INTERNATIONAL Commercial Terms (INCOTERMS) play a very important role in international trade. As transactions among buyers and sellers across international borders continue to grow exponentially, more and more companies are faced with the challenge of addressing, or at least minimizing, the risks involved in such transactions. While transactions among related parties may involve lesser risks, it is still very important for buyers and sellers to agree in clear and equivocal terms the responsibilities and obligations on costs, delivery terms, risk coverage and import/export formalities.

Incoterms and Logistics

Logistics services across international borders generally involve the use of international trading terms and letters of credit. The use of these terms determines the obligations and rights of the buyer and seller in the movement of goods in the supply chain, from sourcing and procurement of raw materials and supplies to customer order fulfillment. From an operational perspective, logistic services will involve the following:

  • adoption of international trading terms (INCOTERMS and documentary credits)
  • use of transport providers, freight forwarders and shipping agents
  • availment of warehousing and distribution centers
  • customs clearance, inspection, security and compliance

INCOTERMS 2000

Incoterms was first introduced by the International Chamber of Commerce (ICC) in 1936, with the latest version (2000) now involving 13 terms. The terms provide an international standard for international sales and purchase contracts. It also sets the rules for interpreting the international trade terms. As a standard trading term used by the buyer and seller in an international sale transaction, it is widely accepted by governments, legal authorities and the trading community.

In general, the use of Incoterms serves to protect the interest of the buyer and the seller by managing risks in case of loss, by allocating transport and insurance costs between the parties, by defining responsibility for customs formalities, by minimizing disputes in the absence of well-defined sales contracts and by supplementing international sales contracts.

Specifically, Incoterms define the roles and responsibilities as to the following:

  • Delivery (where and when the seller fulfills obligation to deliver/transfer of ownership)
  • Documents (who provides what documents, whether manual or electronic)
  • Risks (who bears the risk of loss or damage at any point of transit / Transfer of Risk)
  • Costs (who pays for what)

Implication on Customs Valuation

Under existing customs rules and regulations, the dutiable value of an imported article is the “transaction value, which shall be the price actually paid or payable for the goods when sold for export to the Philippines”, adjusted by adding certain costs such freight and transport costs, insurance, royalty payments, assists, subsequent payments and commissions. Thus, the dutiable value is computed by getting the price paid or payable plus the adjustments mentioned above.

Many traders negotiate their trading terms on a CIP or CIF basis. The question here is whether the CIF invoice value is equivalent to the dutiable value. The term CIF presupposes that freight and transport costs including insurance have been included in the invoice price and thus, we may assume that the invoice price (which is the transaction value for the imported goods) is the dutiable value.
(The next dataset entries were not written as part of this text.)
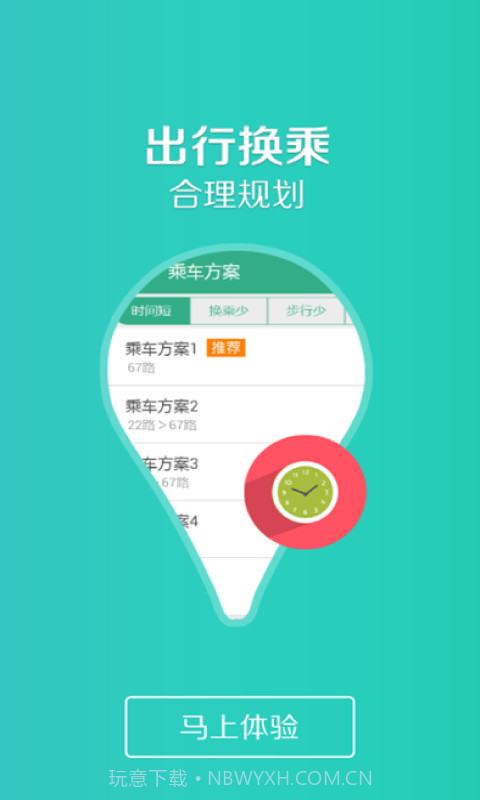 吉林行公交截图3 吉林行公交截图3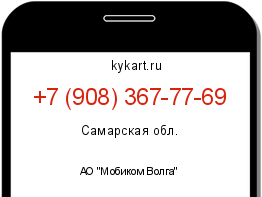 Информация о номере телефона +7 (908) 367-77-69: регион, оператор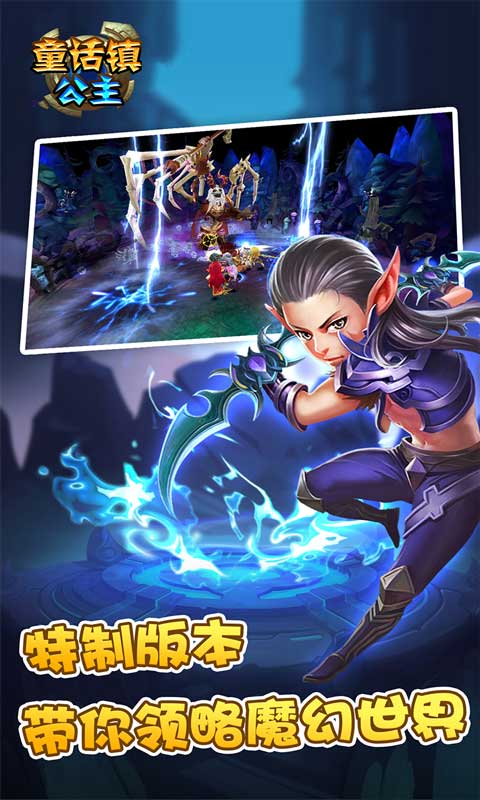 童话镇公主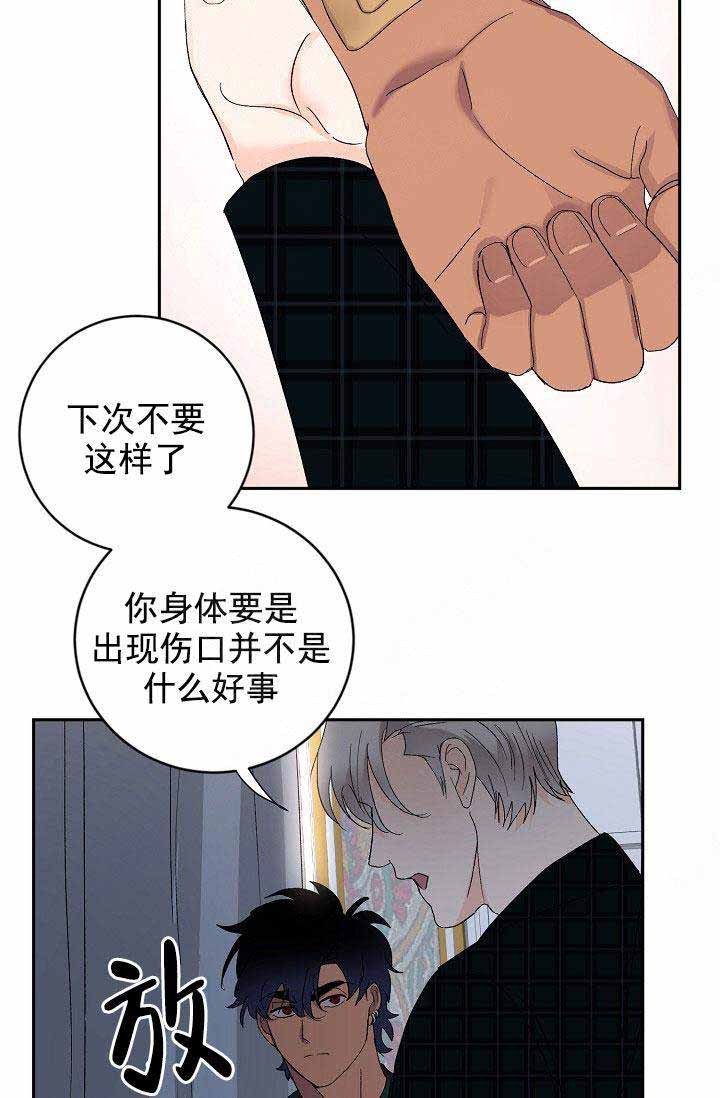 《小狼狗要以身相许》漫画最新章节第36话免费下拉式在线观看章节第【26】张图片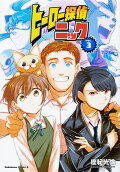 3권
In case of an FCA or FOB invoice value, we normally add freight and transport costs and insurance to arrive at the dutiable value.

Addressing Risks, Reducing Costs

In recent years, we have seen the increasing use of terms such as Free Carrier (FCA), Delivered Duty Unpaid (DDU) and Delivered Duty Paid (DDP), Carriage Paid To (CPT) and many other unfamiliar terms. A study of some of these terms will indicate that the standard costs provided in the invoice may include costs which are not necessarily dutiable. As an example, the DDP invoice value normally includes the amount for taxes and duties payable and as such, the amount to be declared to customs should be less than the invoice value (i.e., after deducting the taxes and duties payable at the port of destination).

In conclusion, importers, forwarders and customs brokers should carefully review the Incoterms not only to ensure responsibilities but also to determine what is to be declared to customs as the dutiable value. Incoterms may help traders reduce their transaction costs. Poor understanding of the impact of the terms used on customs valuation may result in additional costs at the customs border.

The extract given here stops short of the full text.